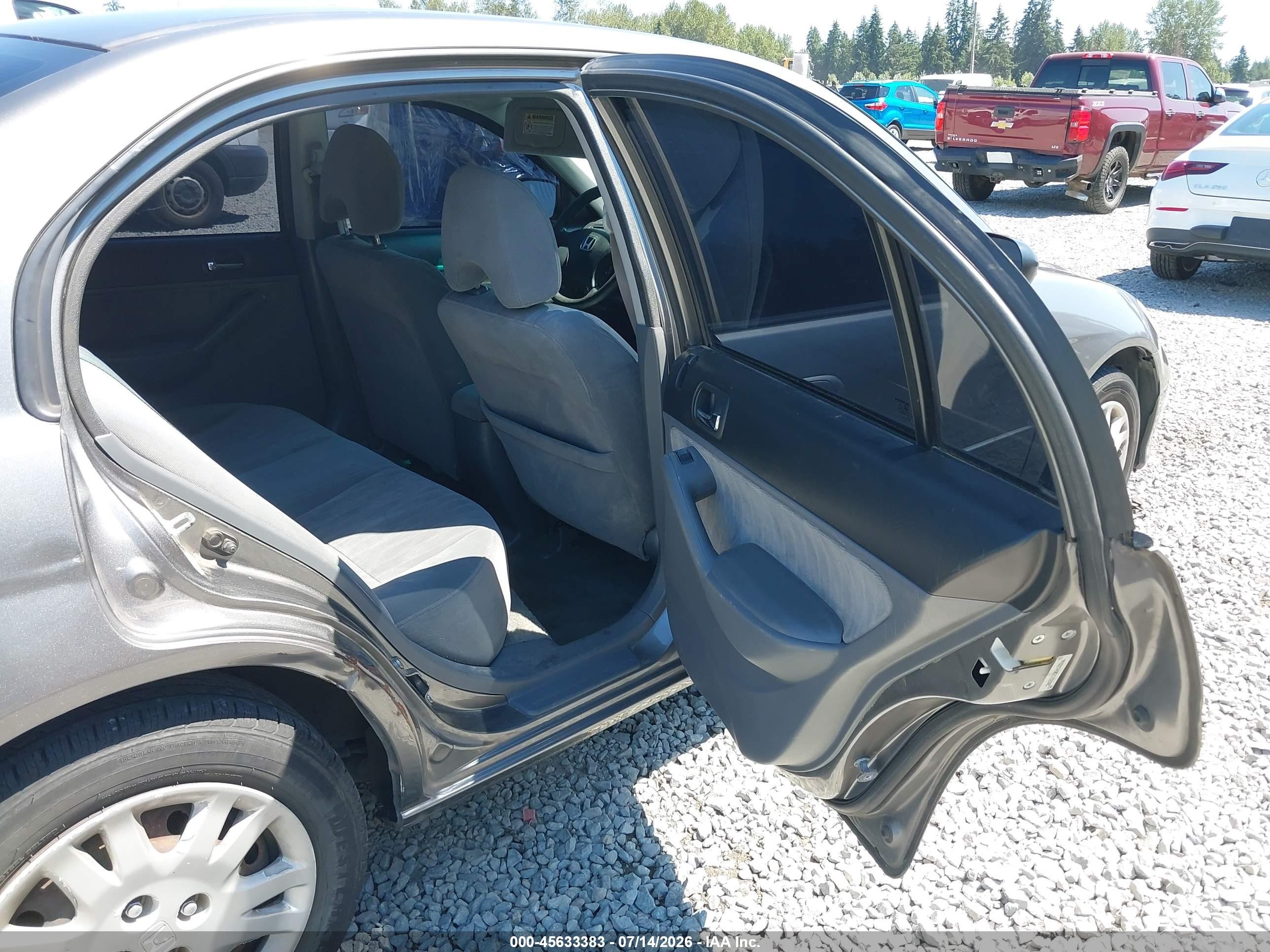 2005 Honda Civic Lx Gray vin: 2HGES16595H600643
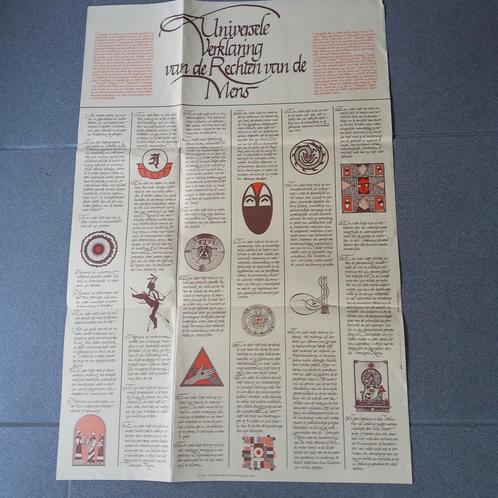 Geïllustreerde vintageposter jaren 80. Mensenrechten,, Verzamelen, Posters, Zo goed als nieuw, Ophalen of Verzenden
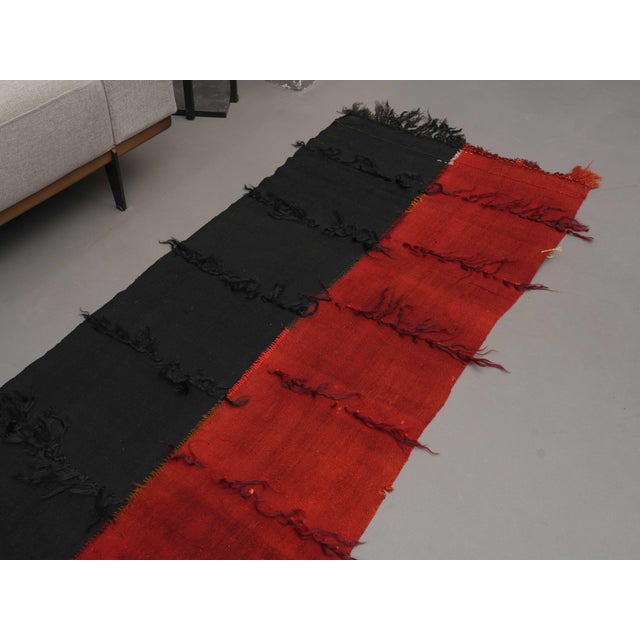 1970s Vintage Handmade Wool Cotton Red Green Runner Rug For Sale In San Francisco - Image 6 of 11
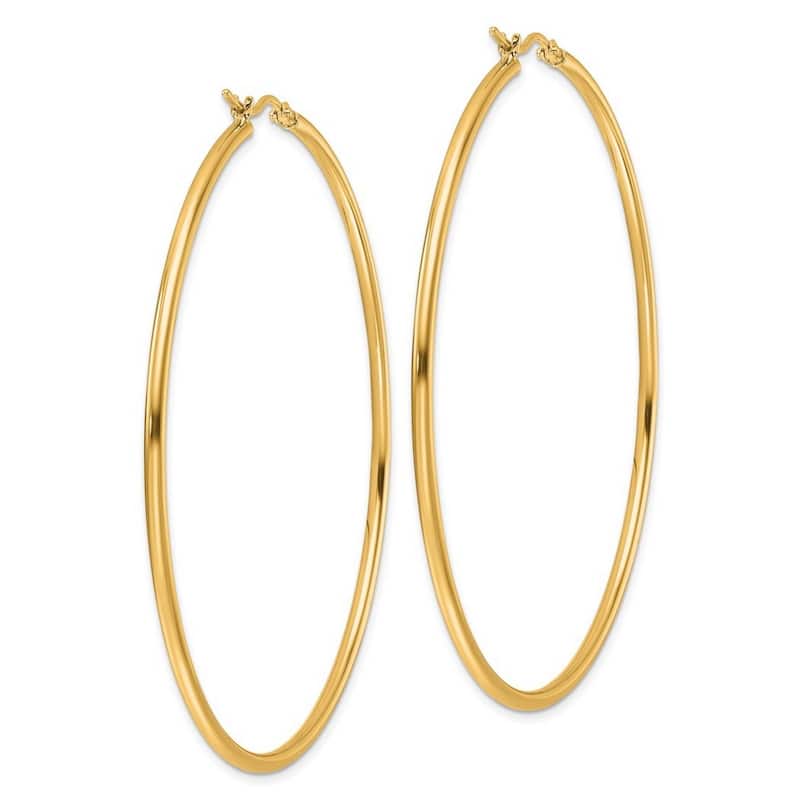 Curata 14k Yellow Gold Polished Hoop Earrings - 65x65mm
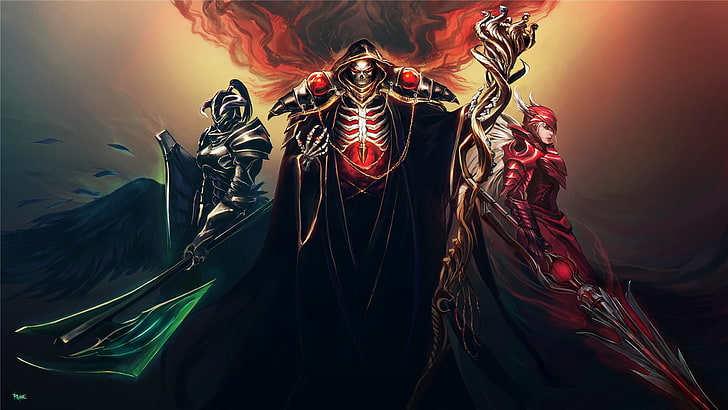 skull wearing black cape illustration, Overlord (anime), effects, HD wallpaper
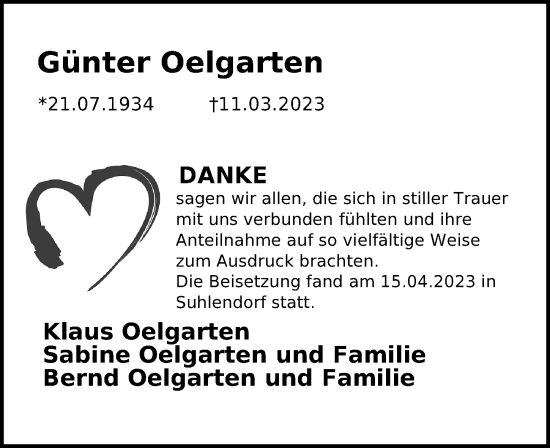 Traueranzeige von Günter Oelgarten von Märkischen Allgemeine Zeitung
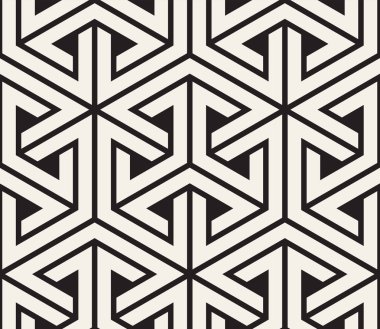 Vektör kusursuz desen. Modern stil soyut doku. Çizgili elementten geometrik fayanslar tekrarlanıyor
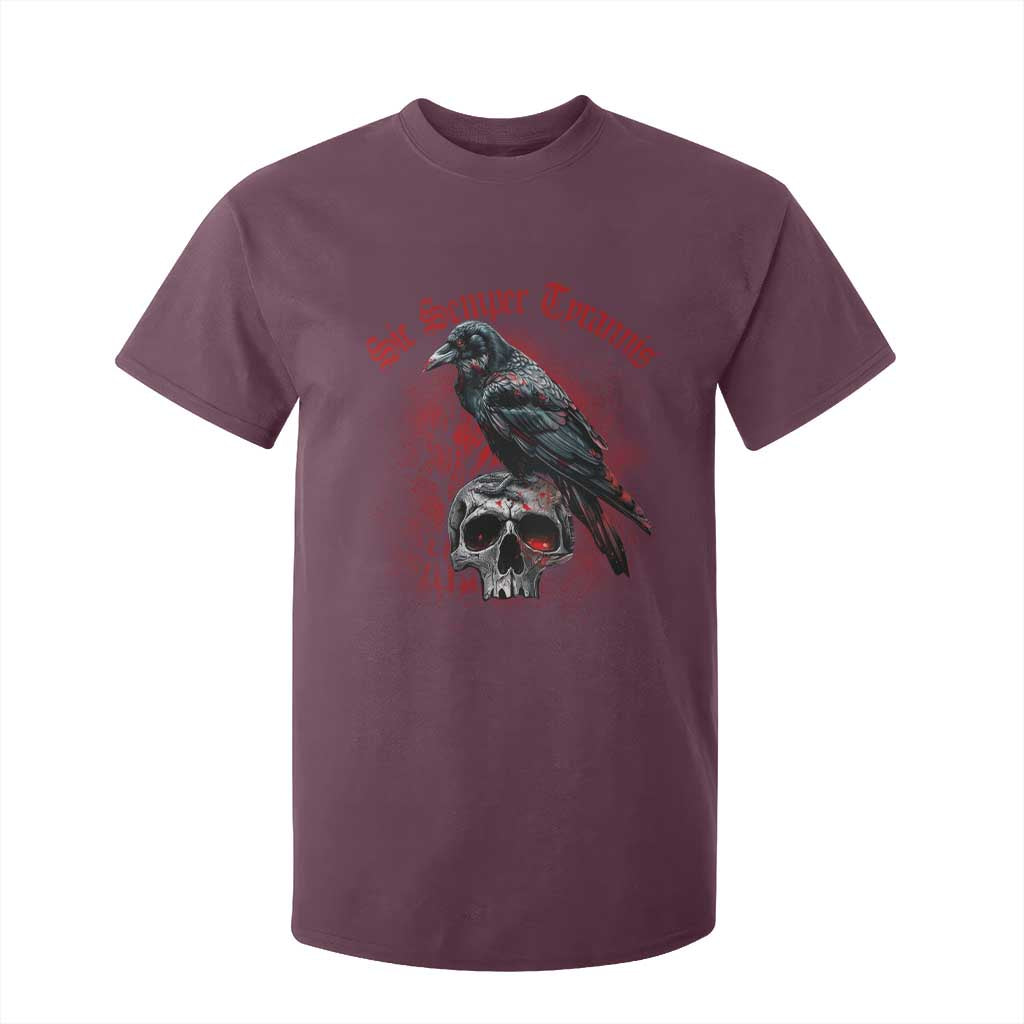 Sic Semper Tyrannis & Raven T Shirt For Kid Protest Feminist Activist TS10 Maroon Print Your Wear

----------

Word for word, copy every line of the data, excluding any pictures.

- [Response below]:
 2005 Honda Civic Lx Gray vin: 2HGES16595H600643
 Geïllustreerde vintageposter jaren 80. Mensenrechten,, Verzamelen, Posters, Zo goed als nieuw, Ophalen of Verzenden
 1970s Vintage Handmade Wool Cotton Red Green Runner Rug For Sale In San Francisco - Image 6 of 11
 Curata 14k Yellow Gold Polished Hoop Earrings - 65x65mm
 skull wearing black cape illustration, Overlord (anime), effects, HD wallpaper
 Traueranzeige von Günter Oelgarten von Märkischen Allgemeine Zeitung
 Vektör kusursuz desen. Modern stil soyut doku. Çizgili elementten geometrik fayanslar tekrarlanıyor
 Sic Semper Tyrannis & Raven T Shirt For Kid Protest Feminist Activist TS10 Maroon Print Your Wear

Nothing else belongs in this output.